--- What is needed ---
In the answer, each line from the top of the material through the line that contains "A green notebook" is restated exactly. No picture is given again.

--- Data ---
· · ·

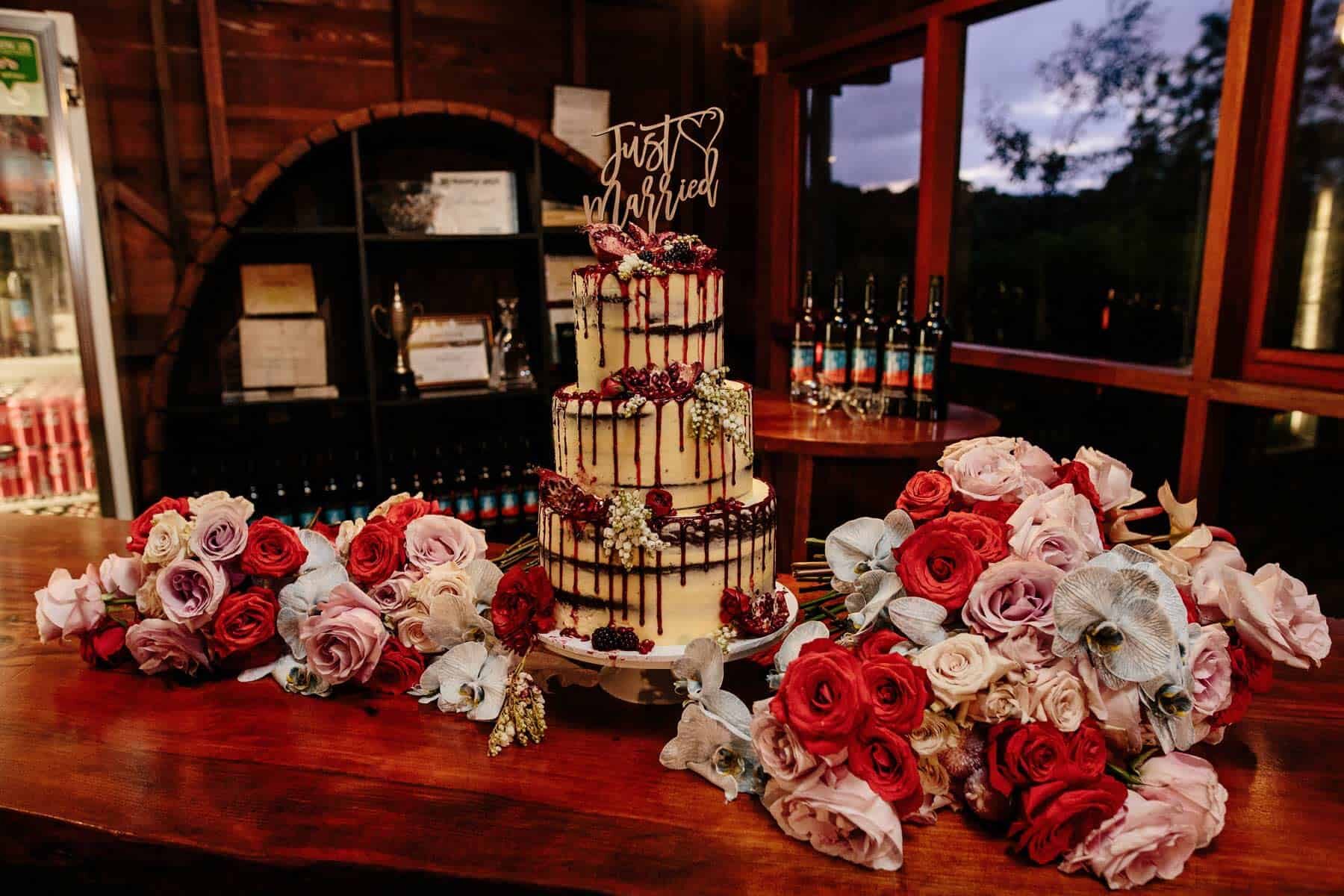 Three tier semi nude wedding cake with vibrant flower bouquets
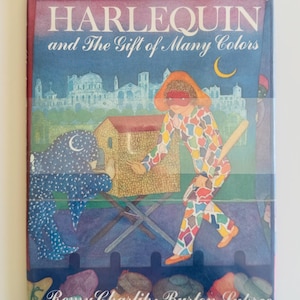 May include: A book cover titled "HARLEQUIN and The Gift of Many Colors" with illustrations. The cover features a harlequin figure in colorful patchwork clothing, a building, and a crescent moon against a blue sky. The authors' names are at the bottom.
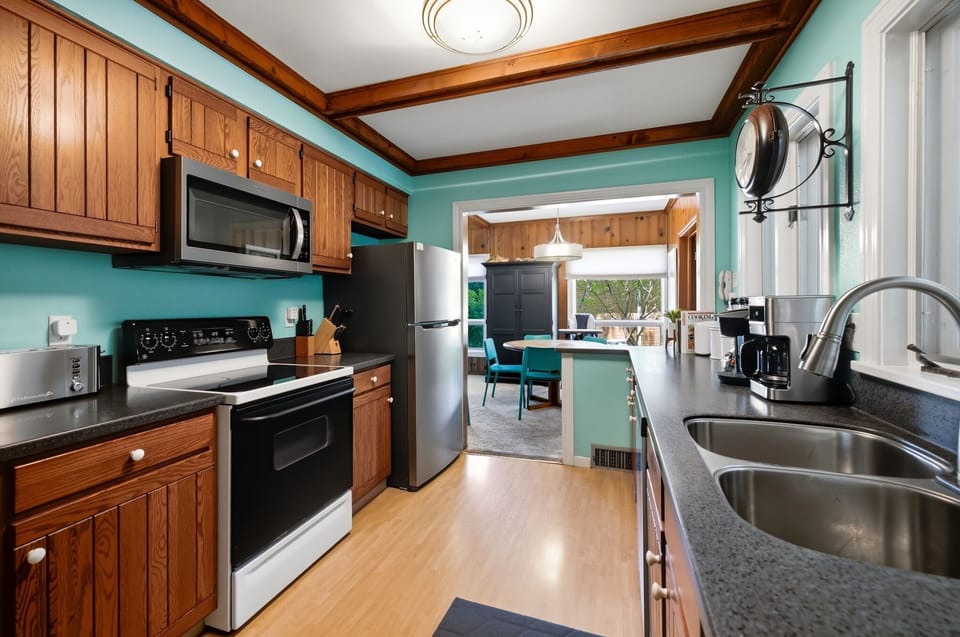 A fully equipped kitchen makes vacation meals easy, with the dining room just steps away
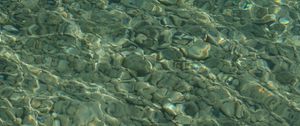 Preview wallpaper stones, pebbles, water, underwater, glare, minimalism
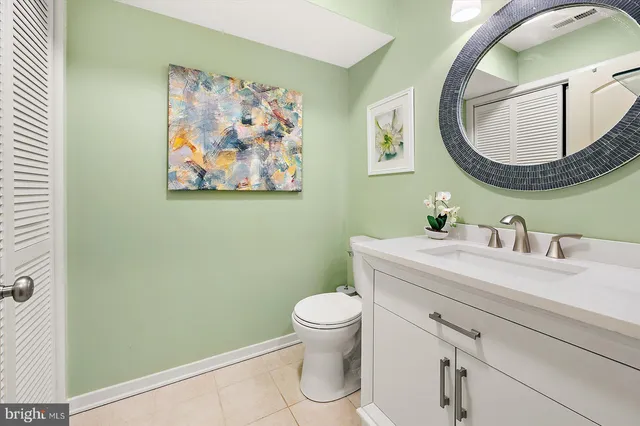 a view of an entryway with wooden floor and door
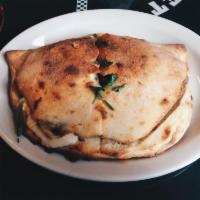 Calzone · Filled with mozzarella, Parmesan, ricotta cheese and choice of 2 pizza toppings.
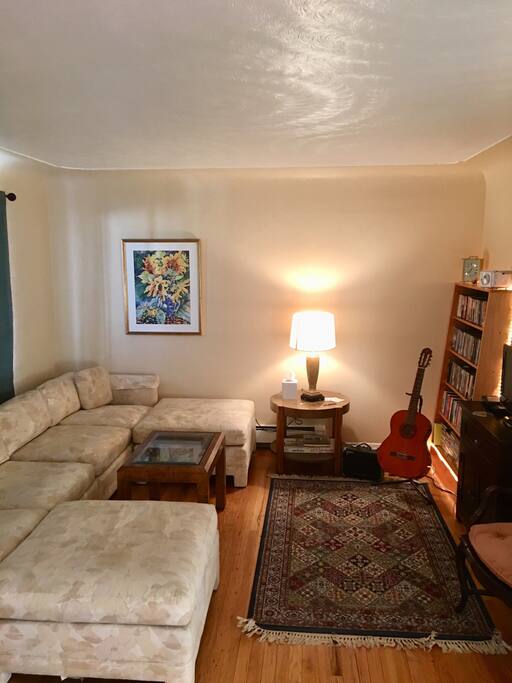 Living room , large sectional couch, guitar included:)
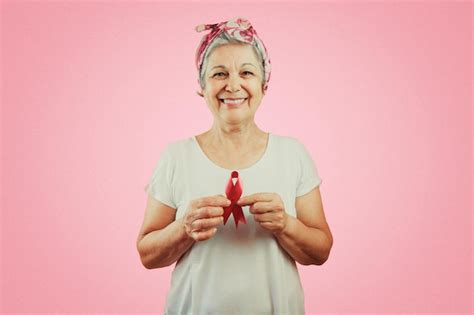 Premium Photo Mature Woman With Pink Ribbon Isolated For Breast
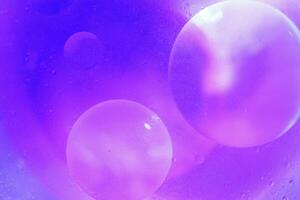 Oil bubbles close up. circles of water macro. abstract light blue background photo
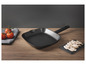Une poêle à griller noire sur une table en bois avec des champignons en tranches.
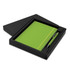 A green notebook and pen gift set displayed in a black box, featuring a sleek design.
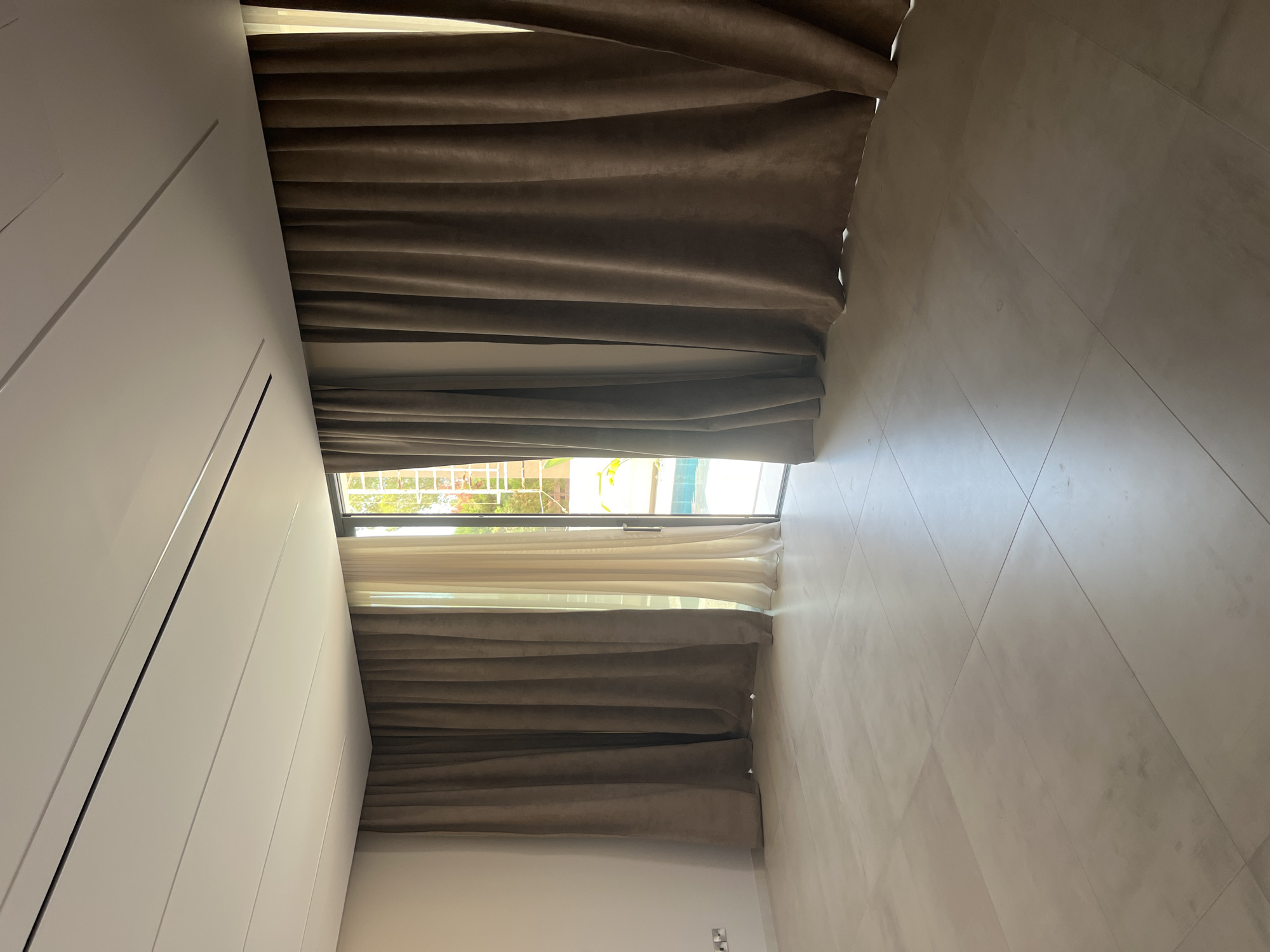 The image depicts an interior view of a room with large sliding glass doors leading to an outdoor pool area. The room has light-colored tiled flooring and cream-colored walls. Two sets of curtains are visible: dark brown, heavy velvet curtains on the right and in the left foreground, and lighter, sheer curtains partially visible on the left. The ceiling is white with subtle linear detailing and integrated lighting. Through the glass doors, a swimming pool with blue water and some surrounding greenery are discernible. The scene is clean and appears to be a residential property in Moni Community, Cyprus, likely a living area or bedroom with a view of the pool. There are no people or animals present in the image.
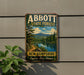 A vintage metal sign for Abbott State Forest in New Hampshire, featuring a scenic landscape with a lake and mountains.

· · ·

--- Answer to this problem ---
 Three tier semi nude wedding cake with vibrant flower bouquets
 May include: A book cover titled "HARLEQUIN and The Gift of Many Colors" with illustrations. The cover features a harlequin figure in colorful patchwork clothing, a building, and a crescent moon against a blue sky. The authors' names are at the bottom.
 A fully equipped kitchen makes vacation meals easy, with the dining room just steps away
 Preview wallpaper stones, pebbles, water, underwater, glare, minimalism
 a view of an entryway with wooden floor and door
 Calzone · Filled with mozzarella, Parmesan, ricotta cheese and choice of 2 pizza toppings.
 Living room , large sectional couch, guitar included:)
 Premium Photo Mature Woman With Pink Ribbon Isolated For Breast
 Oil bubbles close up. circles of water macro. abstract light blue background photo
Une poêle à griller noire sur une table en bois avec des champignons en tranches.
 A green notebook and pen gift set displayed in a black box, featuring a sleek design.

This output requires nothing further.